Once again, with the kind permission of the author, Scott Granados, here is what he calls a “rough review” of the JetPack 5510.

Per request, here’s a rough review of the JetPack 5510 MyFi device.

First, what is it? It’s a mobile hotspot that can deliver internet to up to 10 connected devices using WiFi and LTE wireless technology.
Appearance wise the box ways about an ounce and is about as large as two boxes of big red gum stacked on top of each other. The case of the MyFi is oval in shape with a single USB port and a button on one side. There’s also a removable battery cover on the bottom.
What’s in the box, 1 USB cable, one AC power adapter / charger and 1 MyFi.

Operation is silly simple. Simply press the button on the side for about a second to power up, press the same button again to power down. There’s no sound or other indicators but unlike previous versions of this device once you press the power button the signal is available for use almost right away.
Speeds are very good, north of 15 megabits per second in far less than ideal conditions. (I used it all day today from the center of a Verizon Complex in their lab. (AT&T’s signal did not reach at all)
Who needs this device, if you’re a mobile worker, if you have a commute or you have the need for mobile data this is the device for you.
In terms of carriers, Verizon has the most wide spread LTE deployment at this time. I think right now Verizon is the network to beat but in the interest of full disclosure they also pay me well so you may wish to take it with a grain of salt although if anyone is really interested I can detail what VZ is doing better and why.

In summary, the good points are the device is fast, very light / small, very fast to boot and extremely simple to use. On the down side, no sounds or audio queues to let you know how the device is operating. I’d give it 3 out of 5 stars with the bulk of the negatives being a lack of audio indicators although the more I use the device the less I find I need them.
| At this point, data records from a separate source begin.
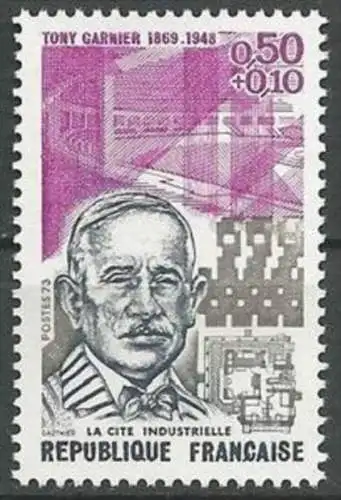 FRANKREICH 1973 Mi-Nr. 1856 ** MNH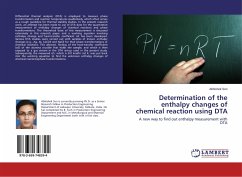 Determination of the enthalpy changes of chemical reaction using DTA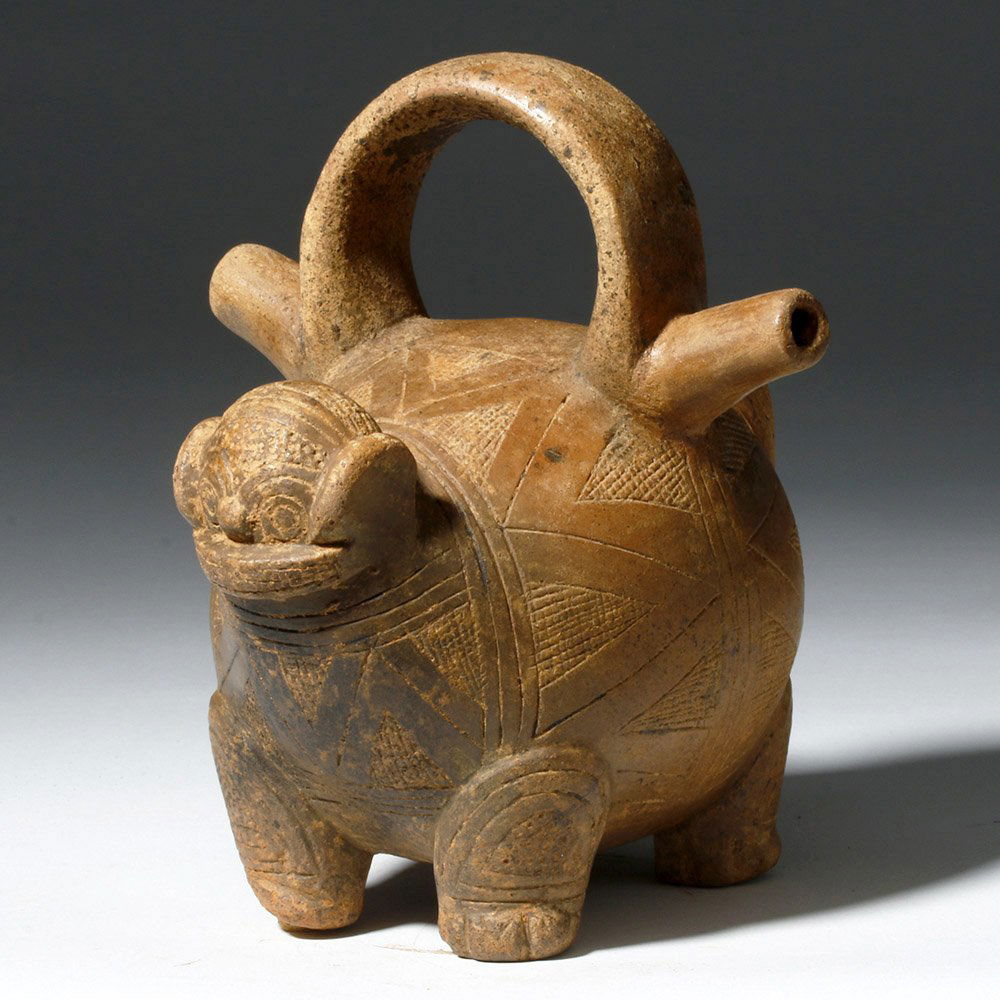 Beautiful Calima Zoomorphic Pottery Alcarraza Vessel (1 of 6)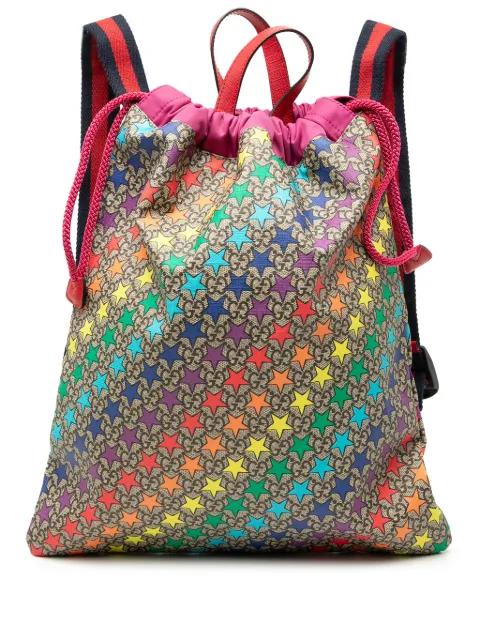 2000-2015 GG Supreme Web Star Print Childrens backpack by GUCCI 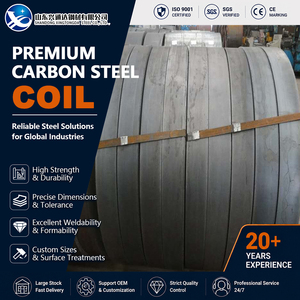 Uncoiling SS400 S355JR Coated 20mm 1219mm Decoiling ASTM A36 Carbon Steel Coil for Pipe Manufacturing - Product Image 1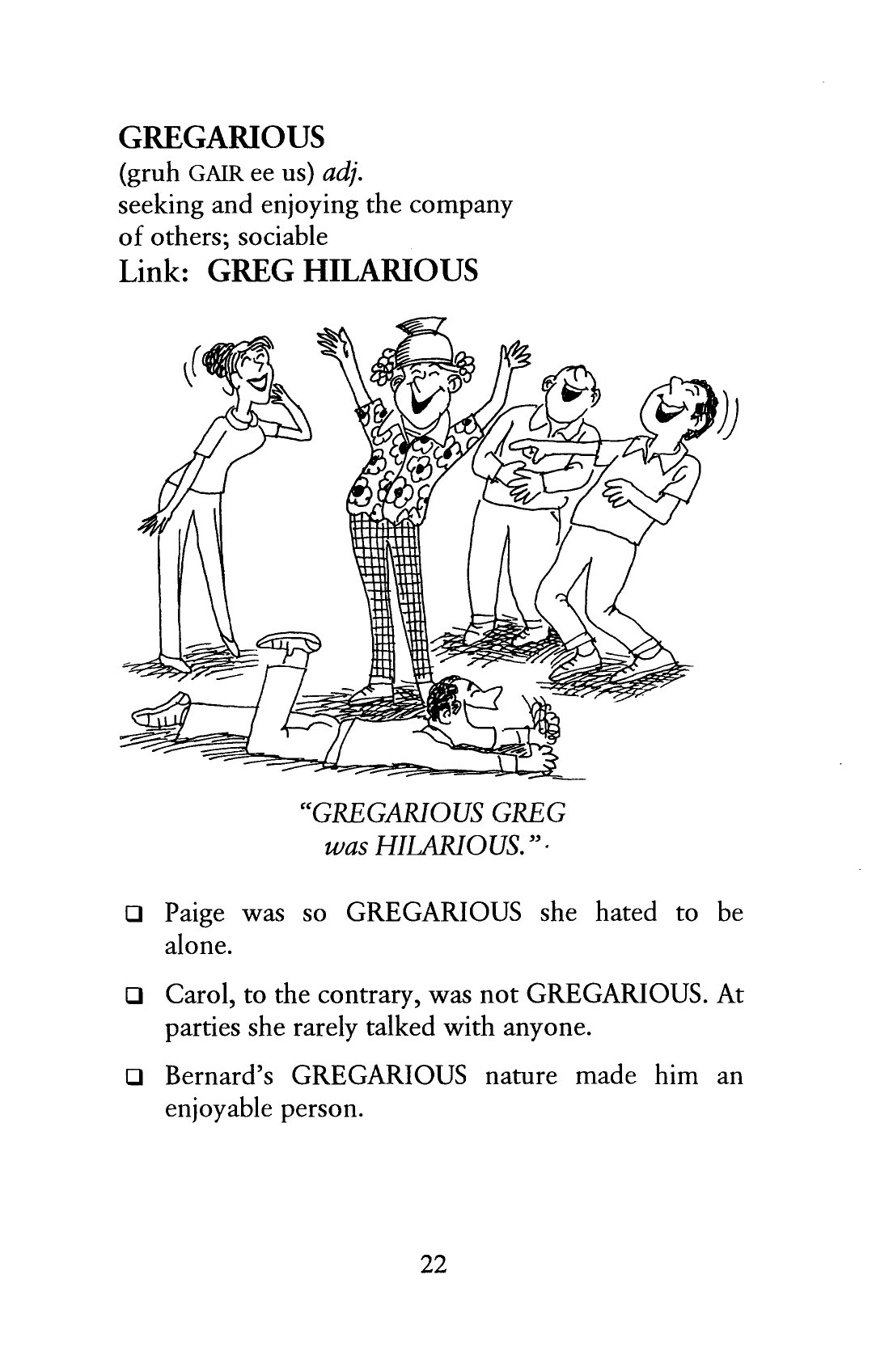 VOCABULARY CARTOONS II SAT WORD POWER (Sách đen trắng)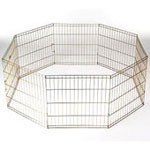 Kennel-Aire Dog Exercise Pen Small Animal Pen 48"W x 48"D x 24"H Item# DOS095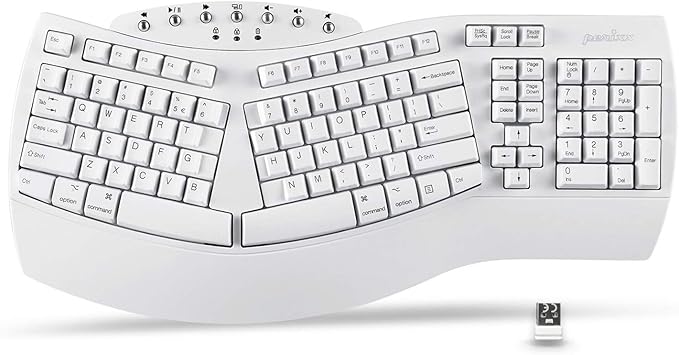 Perixx Periboard-612 Wireless Ergonomic USB Split Keyboard, US English Layout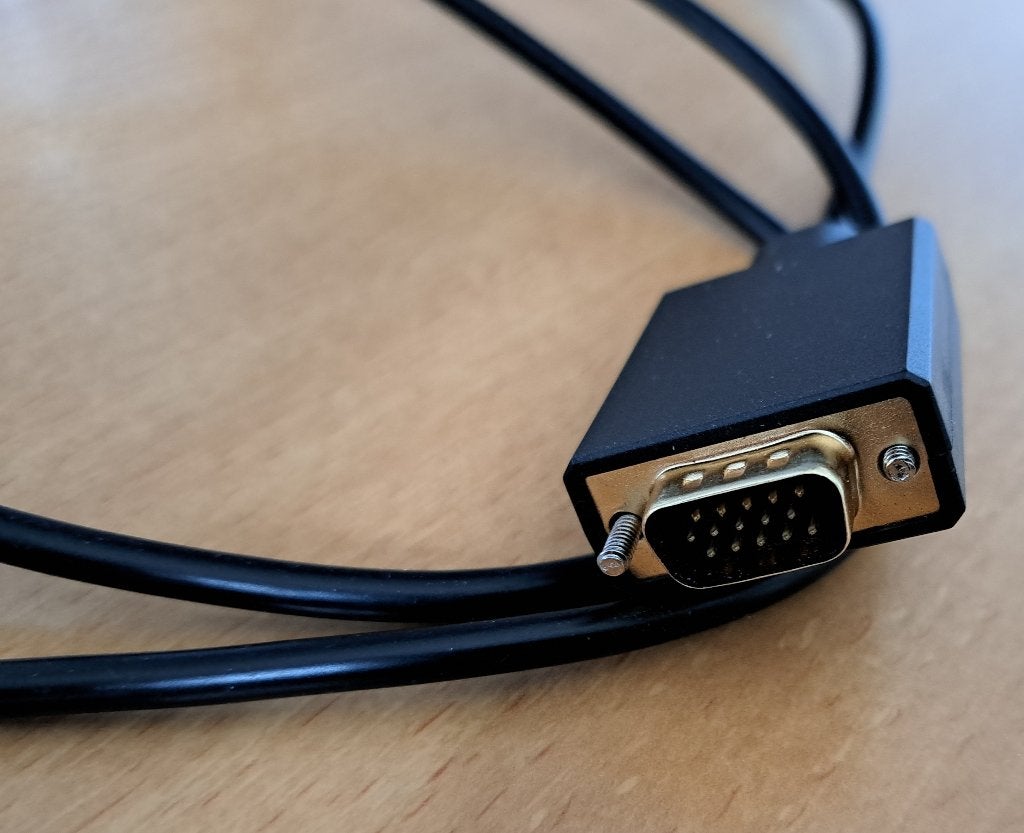 Van VGA naar HDMI - 180 cm, Computers en Software, Pc- en Netwerkkabels, Ophalen of Verzenden, Nieuw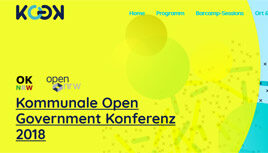 Erste Kommunale Open Government Konferenz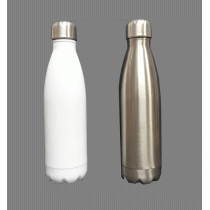 BOTTIGLIA TERMICA IN ACCIAIO COLORE BIANCO  VA01023BT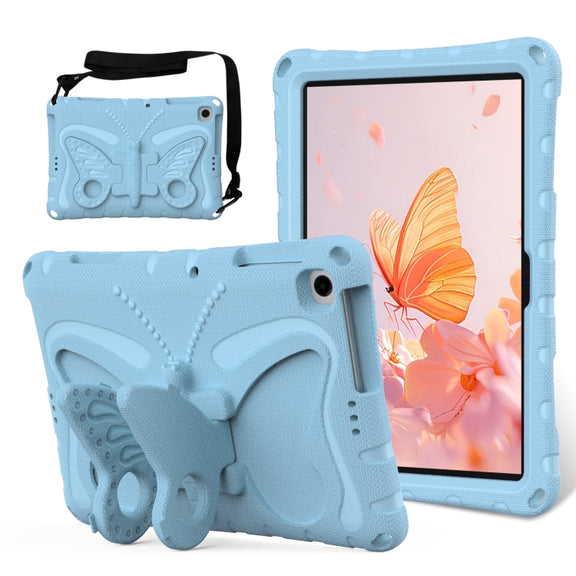 For Honor Pad X6 / Enjoy Tablet 2 Butterfly Bracket EVA Shockproof Tablet Case(Light Blue)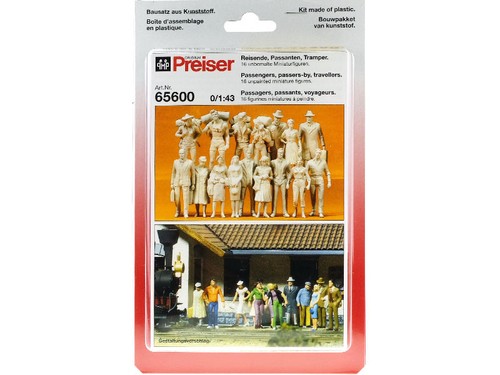 Preiser passagers et - 16,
Posted in General, iOS Devices | 1 Comment

Another Interesting Item

I thought this might be something some folks might be interested in. I am posting this as I had received it. Please contact the author below if you want more details or have questions.

Mac Mini as a note block for the blinds?

The Mac Mini is small lightweight and yet one of the most performant apple computers out there.
So, if you don’t need a display… Why not use the mini as a notebook replacement?
You have heard of desktop replacements but yes you have quite correctly understood a notebook replacement is the quest we are concerned with in this article.

How the idea came about

I have been a blind computer user since 1995. First I used Dos than Windows and soon after that missing the accessibility of console based systems started to use Linux as well.
My discomfort always had been that Windows was giving me all the fancy apps I needed for daily work but lacked a proper terminal environment.
When I happened to hear about voiceover I was curious at once. A Unix based system with a terminal and builtin support for the graphical user interface?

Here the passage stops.